さらに、本発明は、粒径が4mm以下である高度浄水処理に用いられた使用済み活性炭を含む、前記植物育成培地または土壌改良資材に関する。
さらにまた、本発明は、粒径が2mm以下である高度浄水処理に用いられた使用済み活性炭が、前記活性炭全体の80%容量以上である、前記植物育成培地または土壌改良資材に関する。
またさらに、本発明は、高度浄水処理に用いられた使用済み活性炭を植物育成培地または土壌改良資材の全体に対して5〜50%容量含む、前記植物育成培地または土壌改良資材に関する。
また、本発明は、陽イオン交換容量が110me/100g以上である高度浄水処理に用いられた使用済み活性炭を含む、前記植物育成培地または土壌改良資材に関する。
さらに、本発明は、交換性石灰含有量(CaO)が700mg/100g以上である高度浄水処理に用いられた使用済み活性炭を含む、前記植物育成培地または土壌改良資材に関する。
また、本発明は、植物の生育に有用な微生物を含む、前記植物育成培地または土壌改良資材に関する。
さらに、本発明は、シバ類の生育に用いられる、前記植物育成培地または土壌改良資材に関する。
さらにまた、本発明は、植物の生育に有用な微生物を含む微生物資材であって、該微生物の担持体として高度浄水処理に用いられた使用済み活性炭を用いる、微生物資材に関する。
そして、本発明は、高度浄水処理に用いられた使用済み活性炭を含む植物育成培地または土壌改良資材を添加した土壌で植物を生育せしめる工程を含む、植物を育成する方法に関する。
さらに、本発明は、高度浄水処理に用いられた使用済み活性炭を植物育成培地または土壌に添加する工程を含む、土壌の肥料保持力を高める方法に関する。
・粒径バランス、
・吸着された肥料成分(とくにN、Ca)、
・増大した肥料保持力、
・好適なpH等
により、植物の育成に適したものとなっている可能性がある。しかしながら、本発明にかかる植物育成培地または土壌改良資材、活性炭についての上記特性から予測される効果をはるかに上回る格別な効果を奏するのである。

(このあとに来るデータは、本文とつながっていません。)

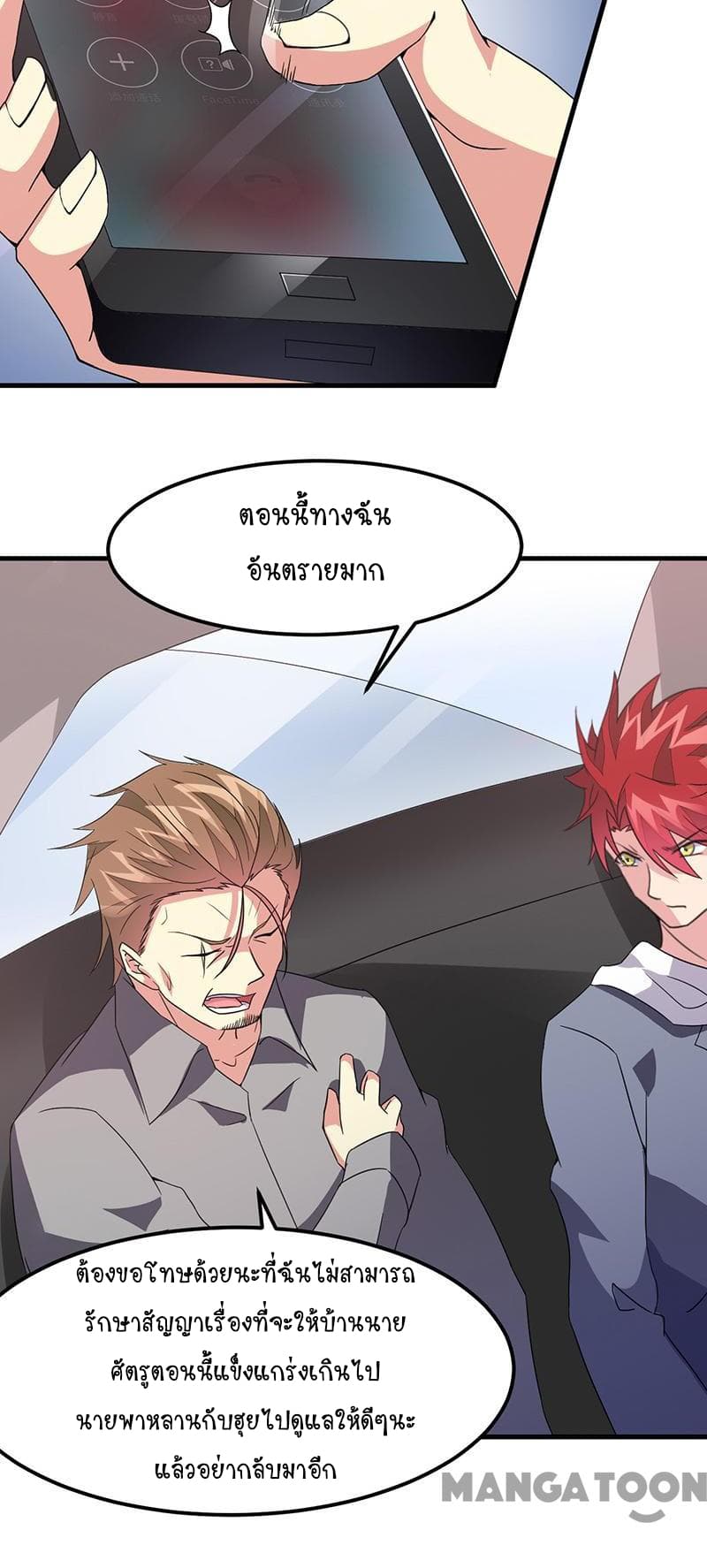 Powerful Juvenile King page 11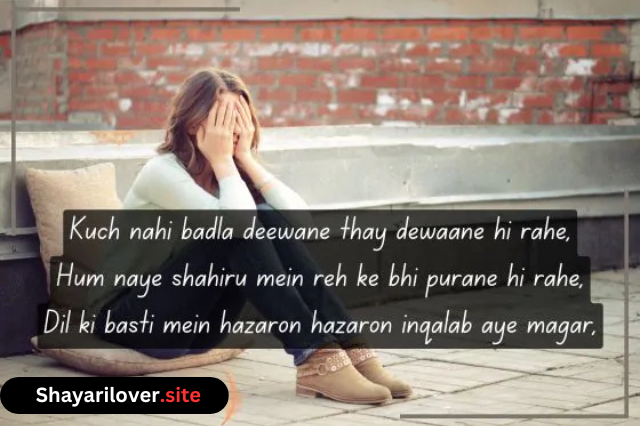 Sad Shayari For Girls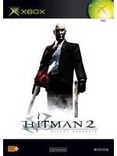 Hitman 2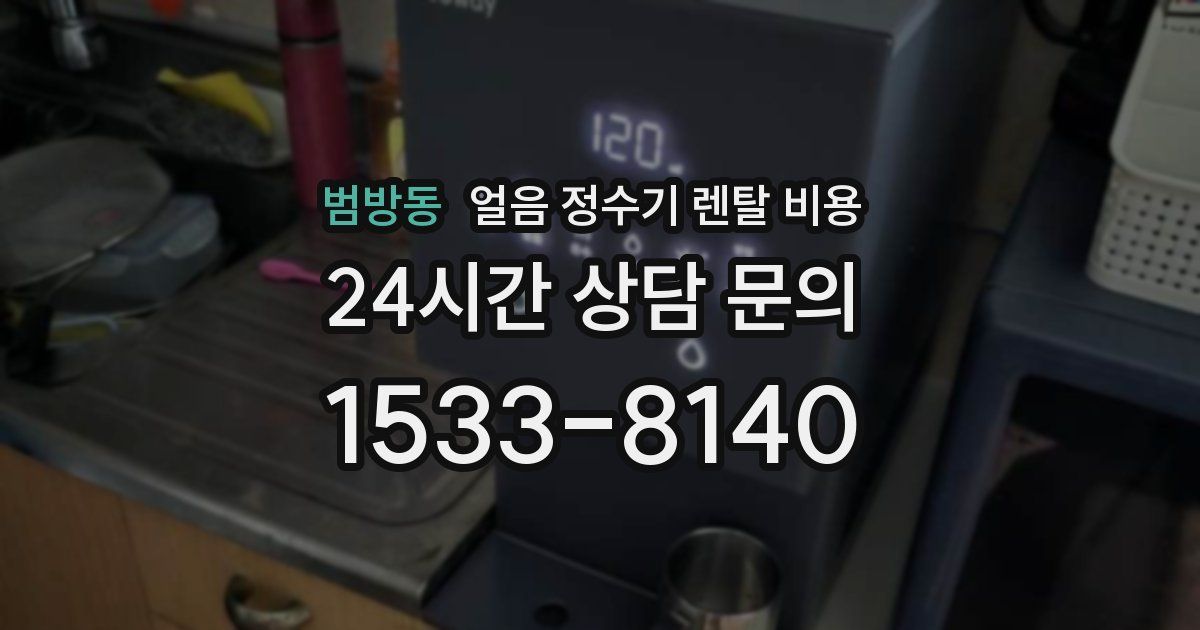 범방동 얼음 정수기 렌탈 비용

・浄水処理過程で吸着したミネラルが植物に効果的に吸収され生育を促進する。
・混合割合を5〜50%容量にすることにより培地の保水、透水性のバランスを良好にし、植物の安定的な生育を確保する。
・肥料保持力が高く、肥料の流ぼうを抑え、長期の育苗でも肥料不足の問題を解消する。
・高度浄水処理に用いられた使用済み活性炭の多くは埋立て処分あるいは化石燃料として再利用されており、植物育成培地、土壌改良資材の成分として利用することにより炭酸ガス固定を増大せしめ、温暖化の解消にも貢献できる。

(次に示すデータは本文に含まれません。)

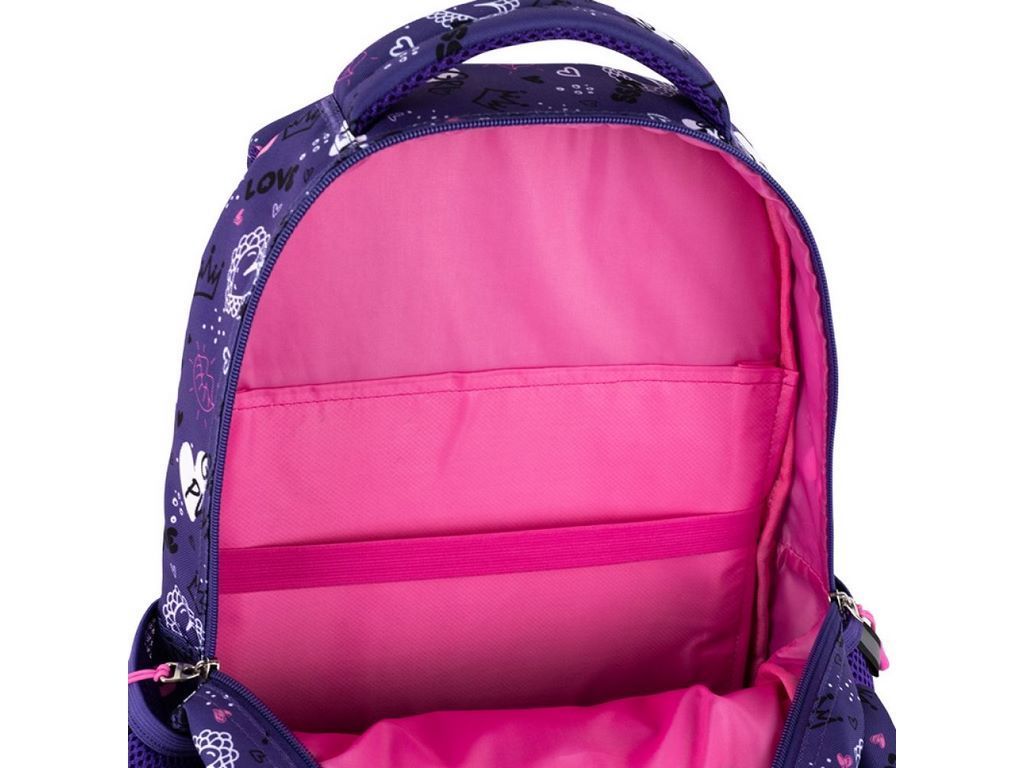 Рюкзак школьный, GoPack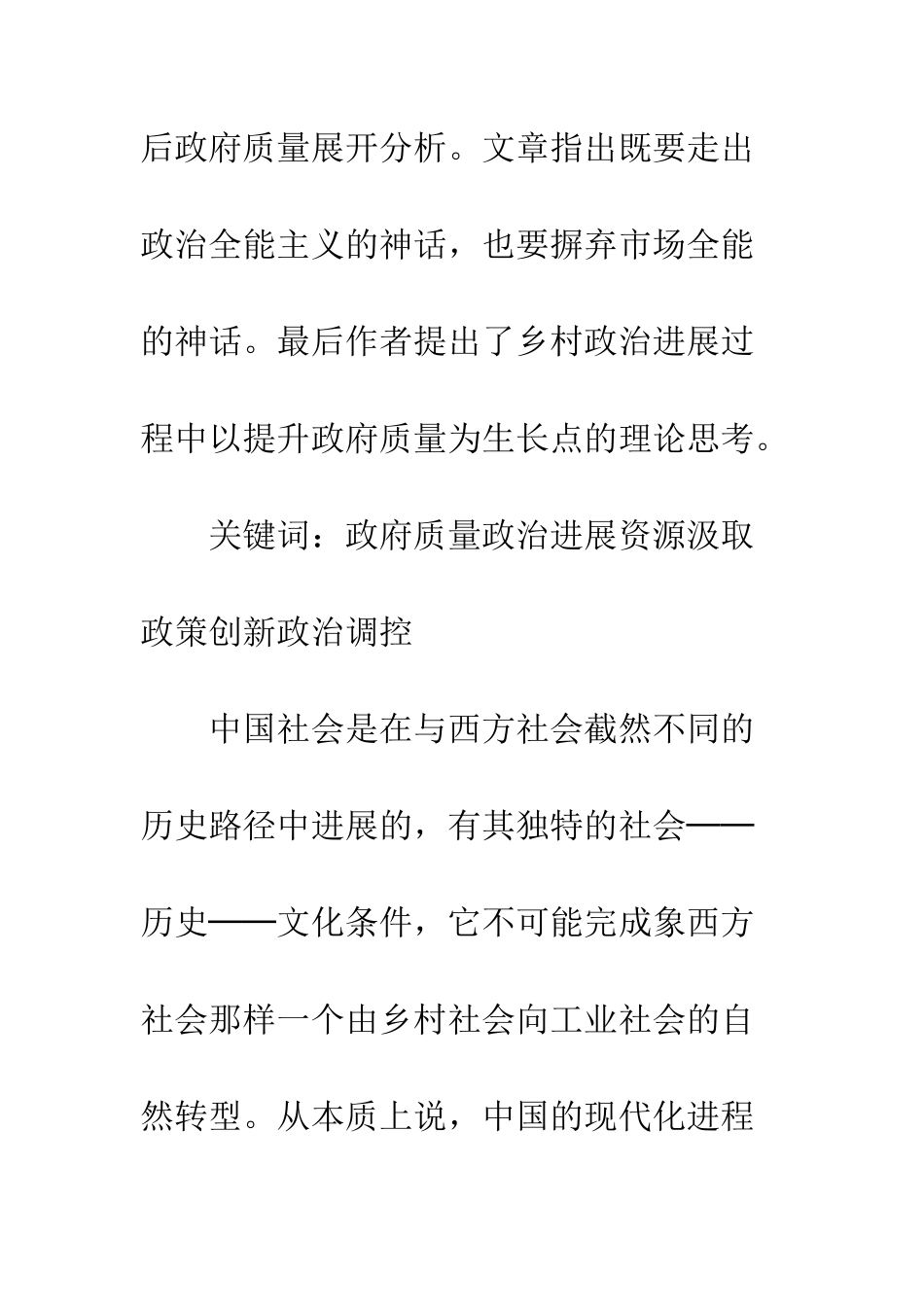 政府质量：乡村政治发展的生长点_第2页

また、本発明の植物育成培地または土壌改良資材のうち、粒径が2mm以下である高度浄水処理に用いられた活性炭が、高度浄水処理に用いられた活性炭全体の80%容量以上であるものによれば、培地の透水性・保水性がさらにより良好であるといった効果が奏される。
さらに、本発明の植物育成培地または土壌改良資材のうち、陽イオン交換容量が110me/100g以上である高度浄水処理に用いられた使用済み活性炭を含むものまたは交換性石灰含有量(CaO)が700mg/100g以上である高度浄水処理に用いられた使用済み活性炭を含むものによれば、植物の育成をより一層高い効率で行えるといった効果が奏される。
また、本発明の植物育成培地または土壌改良資材のうち、植物の生育に有用な微生物を含むものによれば、植物の生育に有用な微生物を従来の担持体より高い効率で繁殖・維持せしめることができるため、植物の育成を高い効率で行うことを可能ならしめるといった効果が奏される。
さらに、本発明の植物育成培地または土壌改良資材は、シバ類の生育に良好に用いることがといった効果を奏する。
また、本発明の植物育成培地のうち、さらに育苗培養土を含むものによれば、植物の育成をさらにより高い効率で行えるといった効果が奏される。
また、本発明の高度浄水処理に用いられた活性炭を含む植物育成培地または土壌改良資材を添加した土壌で植物を生育せしめる工程を含む、植物を育成する方法によれば、植物の生育を従来の資材より高めることができるといった効果が奏される。
そして、本発明の土壌の肥料保持力を高める方法によれば、当該土壌の肥料保持力をより効率的に高めることができる。
本明細書において「高度浄水処理」とは、粒状活性炭とオゾンとを利用する浄水処理を意味する。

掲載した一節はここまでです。